Assombrações
Existem uns amores que já morreram há muito tempo mas de vez em quando
aparecem, como uma assombração. Não, não falo de assombrações que voltam para
seduzir, como a moça-fantasma de Belo Horizonte poetizada por Carlos Drummond
de Andrade; ou voltam para apimentar uma vida que ficou insossa, como o Vadinho
de Jorge Amado faz com dona Flô. Não. Estas, diz o ditado, sabem para quem
devem aparecer, ou seja: só aparecem com a ajuda daqueles para quem aparecem.
Falo de outras, que fazem uma visita breve, uma aparição, e somem, de
improviso, sem arrepiar ninguém.
Às vezes esses amores nem se mostram inteiros. Surge uma boca, um seio,
uma pele, um andar, uma risada. Quando se presta atenção, a figura desaparece:
era assombração. O fantasma antigo pode aparecer de repente no meio de uma
leitura, ao escovarmos os dentes, e até na hora do amor. A gente pode estar
conversando, discutindo um negócio, um filme, uma jogada, e se intromete aquele
olhar. Pode estar dirigindo um carro e a mão que repousa hoje na nossa perna
tem o mesmo peso de alguma do passado e aí vem o fantasma sem-que-fazer e puxa
conversa.
Não é saudade, não é nada: é intromissão. A figura surge concreta,
sensível, do mesmo modo como nos vem um gosto de doce de abacaxi ou uma
chinelada de mãe. Quem governa fantasma? Quem chama? Ninguém, é ele mesmo quem
se convida.
Não tem nada a ver com aquela coisa de telenovela, aqueles dramas de
folhetim em que se comenta: ele ainda gosta dela, não tira essa mulher da
cabeça, até hoje é apaixonado por ela etc.

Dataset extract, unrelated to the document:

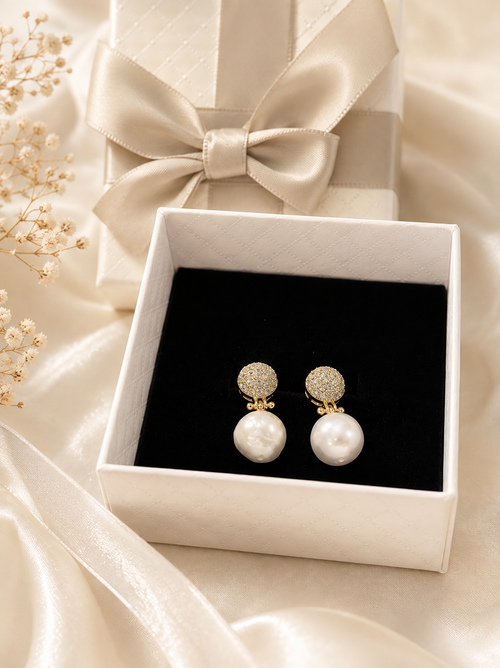 Audrey Pearl Earrings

Nada disso. É pura farra de
assombração, que irrompe de repente na hora própria ou imprópria,
independentemente de convite ou convite. Ora uma, ora outra, faz sua
visita-relâmpago, muda ou falante, e some.
Que dizem? Cada visitado recebe seu recado conforme gravou. Uma confessa
trêmula, temerosa de desamor: "Não sou mais virgem" - quando isso
tinha importância. Outra, cobrando: "Você não assume." Outra, no
escuro: "Quem é você?" Amores de outro mundo não se sentem obrigados
a diálogo, dão seu recado e vão. Ou nem dão, só se entremostram.
Alguns perdem a viagem, e nos assaltam só com uma sensação, um nome,
umas covinhas, tranças negras. Não têm mais aparência corpórea. Será que
morreram na vida real? Desvaneceram-se no tempo, frágeis como velhas cartas que
se esfarelam, como madeira sem lei. Nem por isso menos reais em suas
fantasmice, menos carentes de sentido que não a própria visita inesperada.
De maneira nenhuma perturbam o amor em curso, nem é essa sua intenção,
se é que aparições têm algum propósito. O amor em curso é feito de beijo e
resposta - e segue intocado por essas intromissões. Também não se pode dizer:
são desejos, frustações. Não. Tiveram, no seu tempo, beijo e resposta. Nada
ficou por explorar, quando seus corpos eram matéria propícia. Nada ficou por
explorar, quando seus corpos eram matéria propícia. Foram generosas no dar,
alegres no receber: tiveram fartura. Não vagam por aí à procura, estão
satisfeitas no seu canto.
Nem se pode dizer: são visitas malfazejas. Pelo contrário, são cordiais!
São borboletas: passam, enfeitam com algumas cores, vocejam e partem. Se deixam
alguma coisa, é um sorriso na alma do visitado.